Since each $ (f_k(j))_{j=1}^\infty $ is Cauchy, for each $ k \in \mathbb{Z}^+ $, there exists $ N_k $ such that $ i,j \geq N_k $ implies that $ d(f_k(i),f_k(j)) < 1/k $.
From this, we are now prepared to choose our candidate: consider the sequence $ (\ell_j) $ defined by
$$\begin{equation}
\ell_j = f_j(N_j),
\end{equation}$$
and we claim that $ F_n \to [(\ell_j)] $ (where $ [(\ell_j)] $ is the $ \sim $-equivalence class on our space of $ d $-Cauchy $ X $-sequences).
But now we have to show that $ (\ell_j) $ is actually a point in our space, i.e., we have to…
Step 4.3. (Showing $ (\ell_j) $ is Cauchy in $ (X,d) $.) Let $ \varepsilon > 0 $. Then, can employ the triangle inequality to get that: $$\begin{align} d(\ell_i,\ell_j) &\leq d(f_i(N_i), f_j(N_j)) \\ &\leq \underbrace{d(f_i(N_i), f_i(r))}_A + \underbrace{d(f_i(r), f_j(r))}_B + \underbrace{d(f_j(r),f_j(N_j))}_C \end{align}$$ with $ r $ is large enough that:
- $ A,C < \varepsilon/3 $ (which exists by our choice of $ N_i, N_j$)
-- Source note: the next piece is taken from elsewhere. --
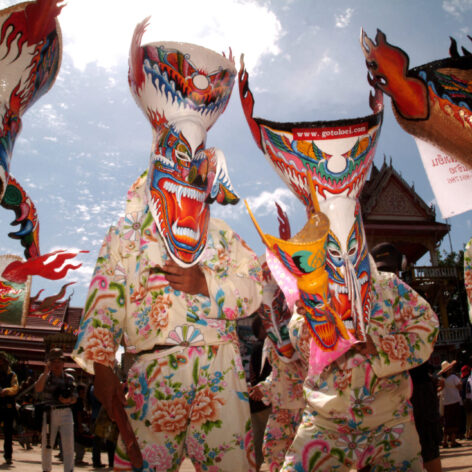 Phi Ta Khon masks (Photo Credit: iStockphoto)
- $ B < \varepsilon/3 $ (which exists as $ (F_n) $ is $ D $-Cauchy so $\lim_{s\to\infty} d(f_i(s),f_j(s)) = 0 $).
Thus we have that
$$\begin{equation}
d(\ell_i,\ell_j) \leq \frac{ \varepsilon }{ 3 } + \frac{ \varepsilon }{ 3 } + \frac{ \varepsilon }{ 3 } = \varepsilon
\end{equation}$$
as desired.
Thus $ (\ell_j) $ is $ d $-Cauchy as desired.
Step 4.4. (Proving convergence to the candidate.)
Let $ \varepsilon > 0 $.
Then, for sufficiently large $ n $ (by our construction of $ (\ell_j) $ and $ (\ell_j) $’s Cauchy-ness):
$$\begin{align}
D(F_n, [(\ell_j)]) &= \lim_{j\to\infty} d(f_n(j), \ell_j) \\
&\leq \lim_{j\to\infty} \left [ d(f_n(j),\ell_n) + d(\ell_n,\ell_j) \right ] \\
&<\lim_{j\to\infty} \left [ \frac{ 1 }{ n } + \frac{ \varepsilon }{ 2 } \right ] \\
&< \frac{ \varepsilon }{ 2 } + \frac{ \varepsilon }{ 2 } = \varepsilon
\end{align}$$
as desired.
Constructing the injective map.
This part is actually pretty straight-forward. Define the map $ \iota \colon X \to \mathcal{X} $ by $ x \mapsto [(a_n)] $ where $ a_n = x $ for all $ n $ (i.e., the constant sequence). I leave the verification of its properties up to you.